The leading figure in Iowa's conservative movement is set to unveil a pledge that would pigeonhole the 2012 Republican presidential candidates into defined positions on a host of social issues. It will include
a 14-point list of pledges ranging from the personal (staying
faithful to one's spouse) to broader policy (keeping the size of the
government small), but the heavy emphasis is on forcing the candidates to codify their opposition to same-sex marriage.
Most of the candidates vying to win the Iowa caucuses will likely sign the new pledge. It's author, Bob Vander Plaats, is a thrice-failed gubernatorial candidate who turned himself into the conservative kingmaker of the 2012 Iowa caucuses by leading a campaign to oust three state Supreme Court justices from the bench last fall due to their unanimous 2009 decision that struck down Iowa's ban on same-sex marriage. The Hill listed Vander Plaats as one of the 10 most coveted endorsements for the presidential candidates, right alongside Sarah Palin and Chris Christie.
Tim Pawlenty, Ron Paul, Michele Bachmann, Rick Santorum, and Herman Cain have all stopped by Iowa in 2011 to appear alongside Vander Plaats. They'll each likely sign the pledge in their quest to gain his endorsement and tap into the network of Iowa activists he has cultivated. But in forcing the candidates to take these defined positions, Vander Plaats and Iowa's social conservatives are driving the mainstream candidates farther away from Iowa. Jon Huntsman has said he will skip the state entirely, and Mitt Romney is only nominally competing.
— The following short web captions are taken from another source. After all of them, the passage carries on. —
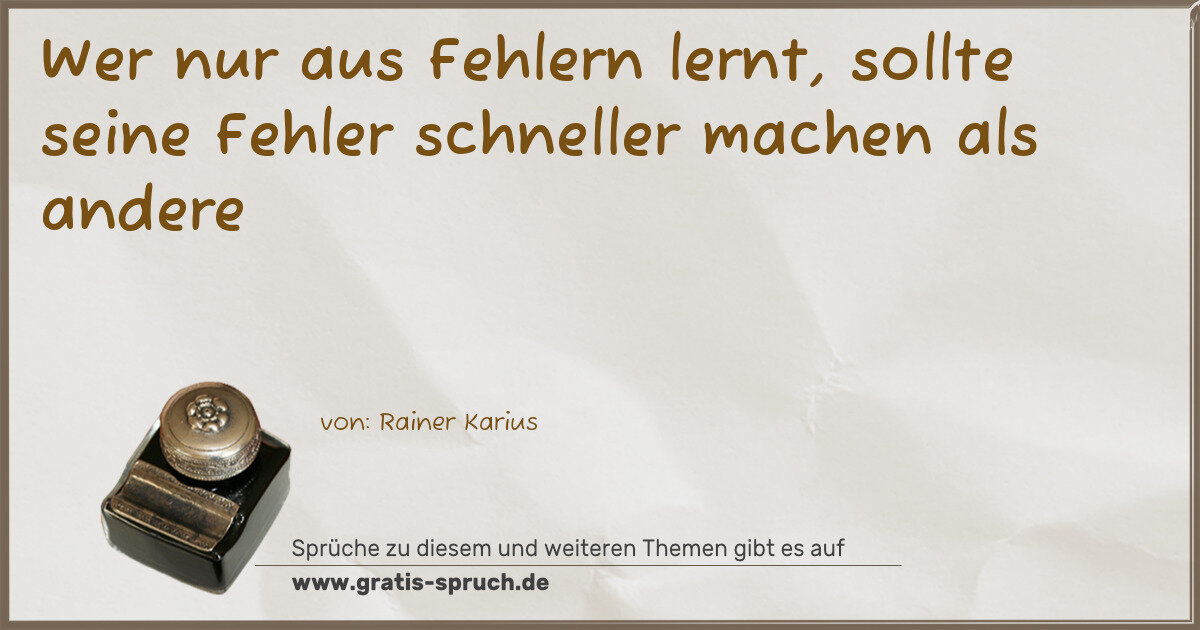 Spruchbild: Wer nur aus Fehlern lernt, sollte seine Fehler schneller machen als andere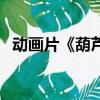 動畫片《葫蘆娃》（葫蘆娃動畫片第一部）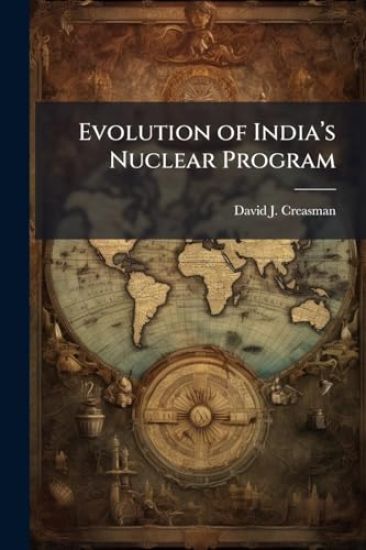 Evolution of India's Nuclear Program: Implications for the United States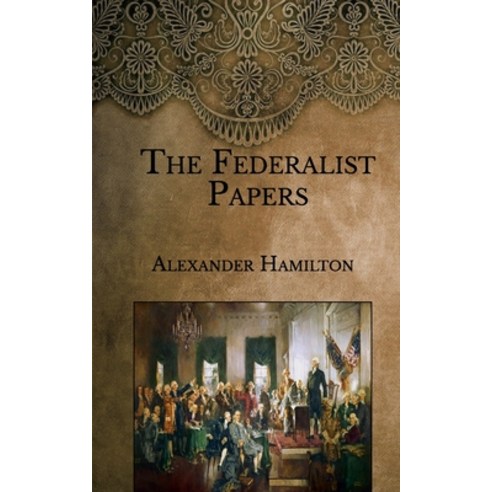 The Federalist Papers Paperback, Independently Published, English ...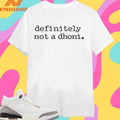 Definitely Not A Dhoni Shirts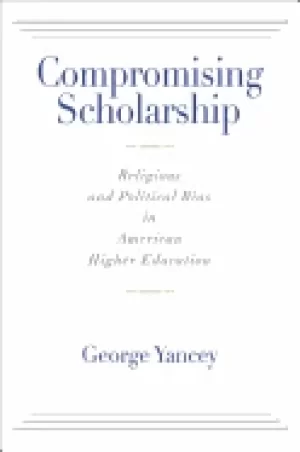 Image of compromising scholarship religious and political bias in american higher ed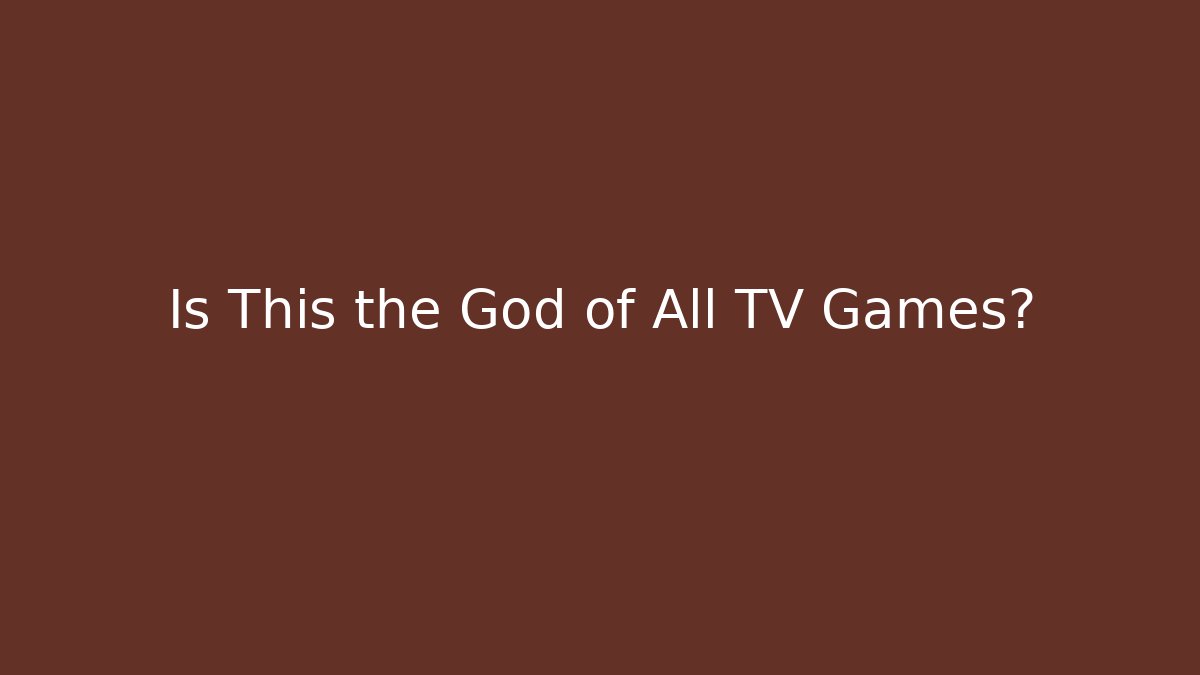 Is This the God of All TV Games?
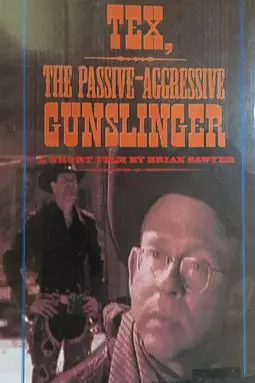 Tex, the Passive-Aggressive Gunslinger - постер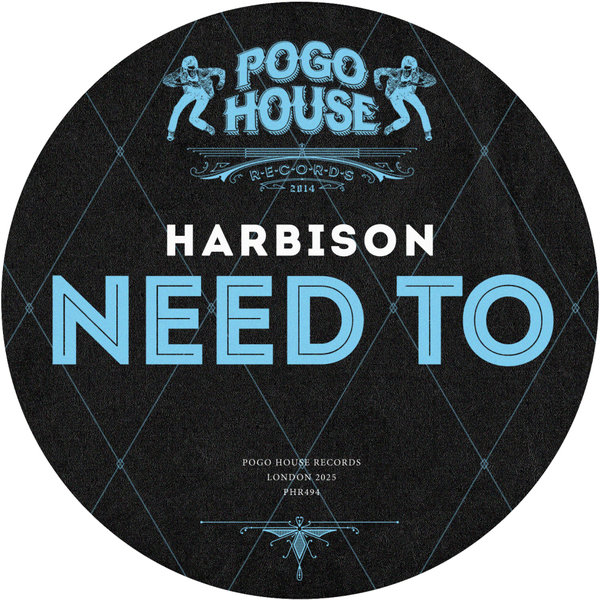 HARBISON – Need To [Pogo House Records]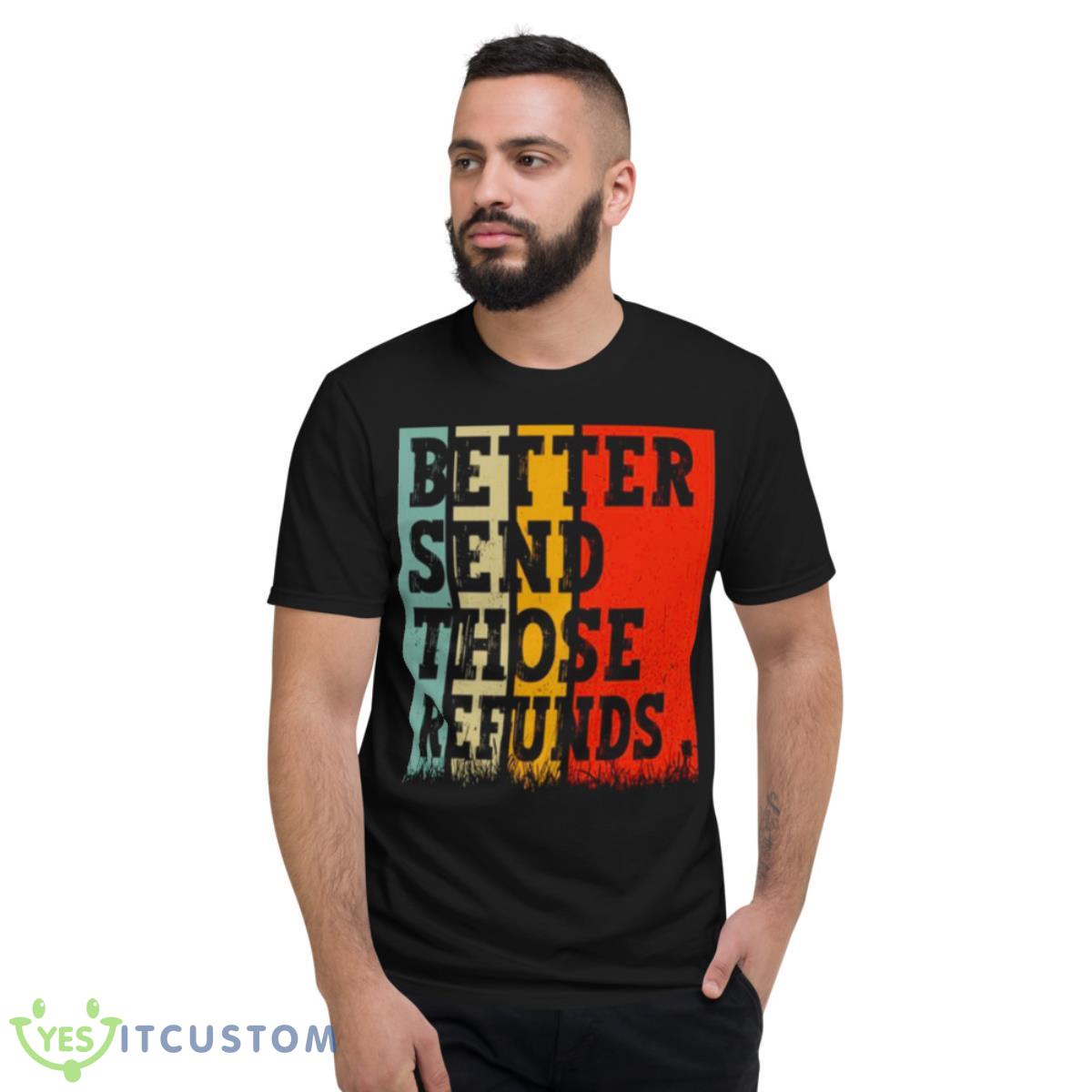 Better Send Those Refunds shirt 2 Better Send Those Refunds shirt - Short Sleeve T-Shirt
Neither candidate wants to move to the right and take positions that would alienate voters in the general election. For the candidates that sign Vander Plaats' pledge, taking a strong stance opposed to same-sex marriage might help during the early caucus and primary states, but those policy pledges will come back to haunt them if they win the nomination and need to appeal to independent voters in the general election.